I am working on data preprocessing and want to compare the benefits of Data Standardization vs Normalization vs Robust Scaler practically.
In theory, the guidelines are:
Advantages:
- Standardization: scales features such that the distribution is centered around 0, with a standard deviation of 1.
- Normalization: shrinks the range such that the range is now between 0 and 1 (or -1 to 1 if there are negative values).
- Robust Scaler: similar to normalization but it instead uses the interquartile range, so that it is robust to outliers.
Disadvantages:
- Standardization: not good if the data is not normally distributed (i.e. no Gaussian Distribution).
- Normalization: get influenced heavily by outliers (i.e. extreme values).
- Robust Scaler: doesn't take the median into account and only focuses on the parts where the bulk data is.

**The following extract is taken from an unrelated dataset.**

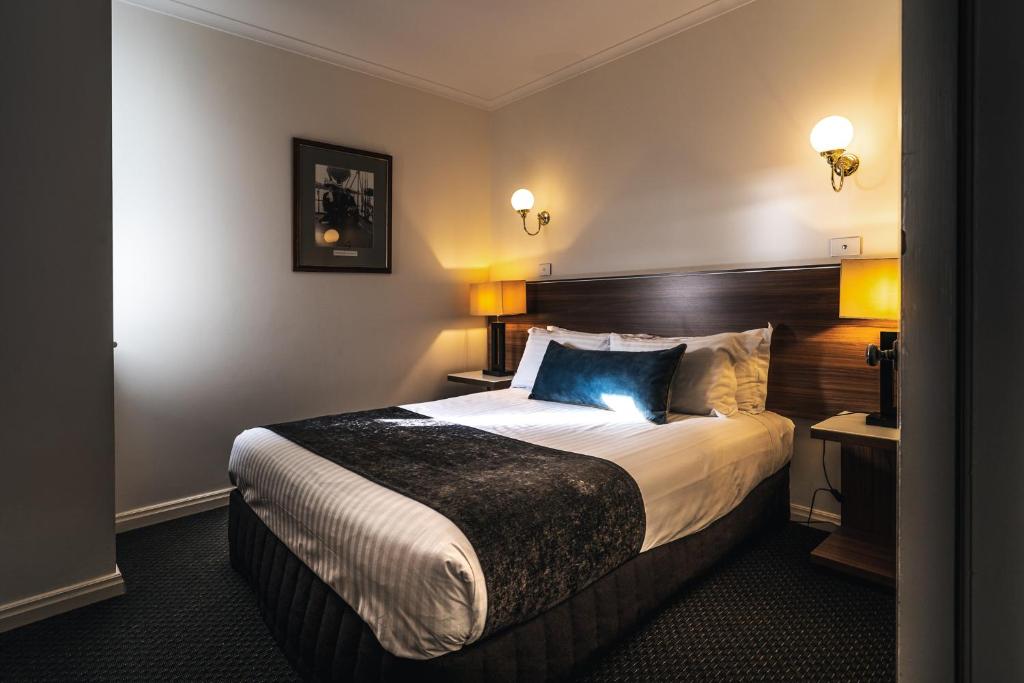 Lenna Of Hobart - Resim 20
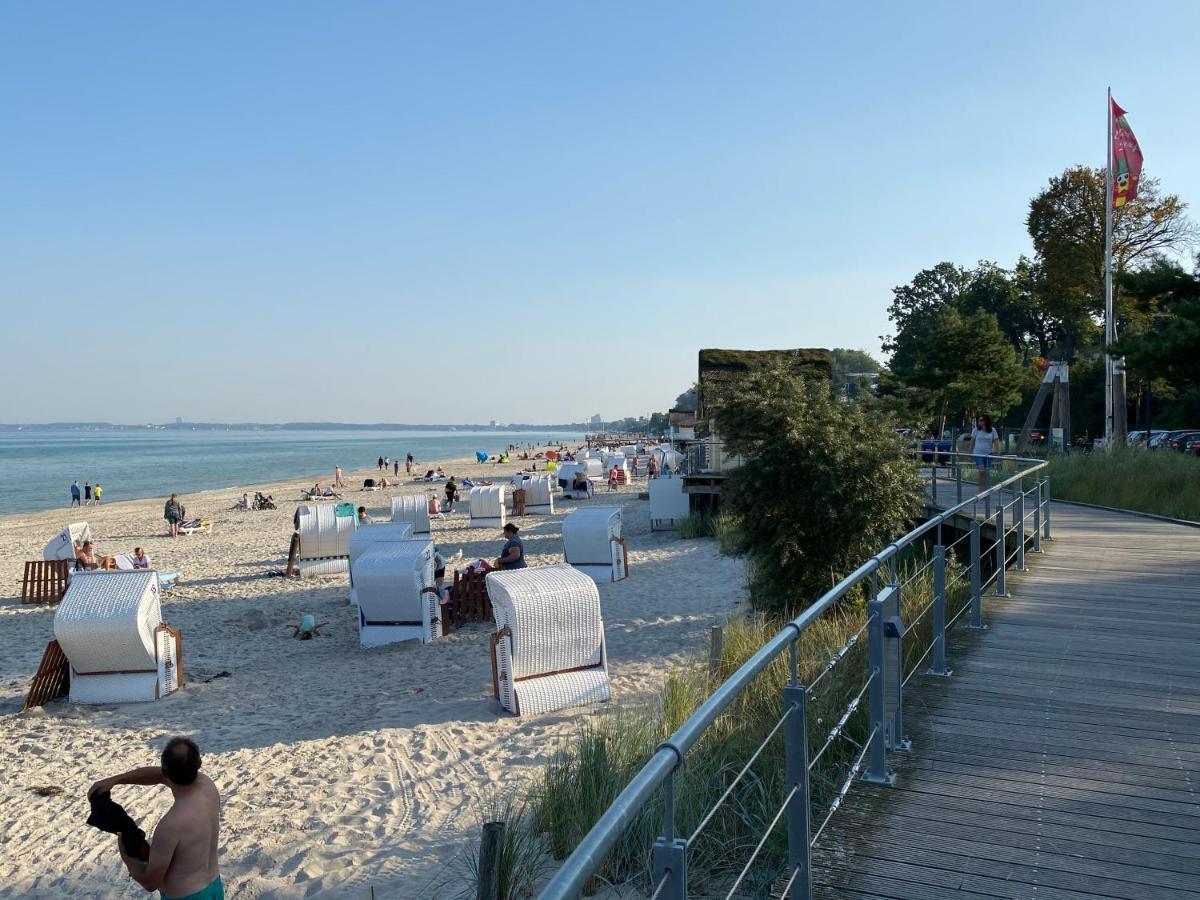 Moderne 3-Zi-Wohnung Mit Meerblick Direkt Am Strand Scharbeutz Eksteriør billede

I created 20 random numerical inputs and tried the above-mentioned methods (numbers in red color represent the outliers):

I noticed that -indeed- the Normalization got affected negatively by the outliers and the change scale between the new values became tiny (all values almost identical -6 digits after the decimal point- 0.000000x
) even there is noticeable differences between the original inputs!
My questions are:
- Am I right to say that also Standardization gets affected negatively by the extreme values as well? If not, why according to the result provided?
- I really can't see how the Robust Scaler improved the data because I still have extreme values in the resulted data set? Any simple complete interpretation?
None of them are robust in the sense that the scaling will take care of outliers and put them on a confined scale, that is no extreme values will appear.
You can consider options like:
- Clipping(say, between 5 percentile and 95 percentile) the series/array before scaling
- Taking transformations like square-root or logarithms, if clipping is not ideal
- Obviously, adding another column 'is clipped'/'logarithmic clipped amount' will reduce information loss.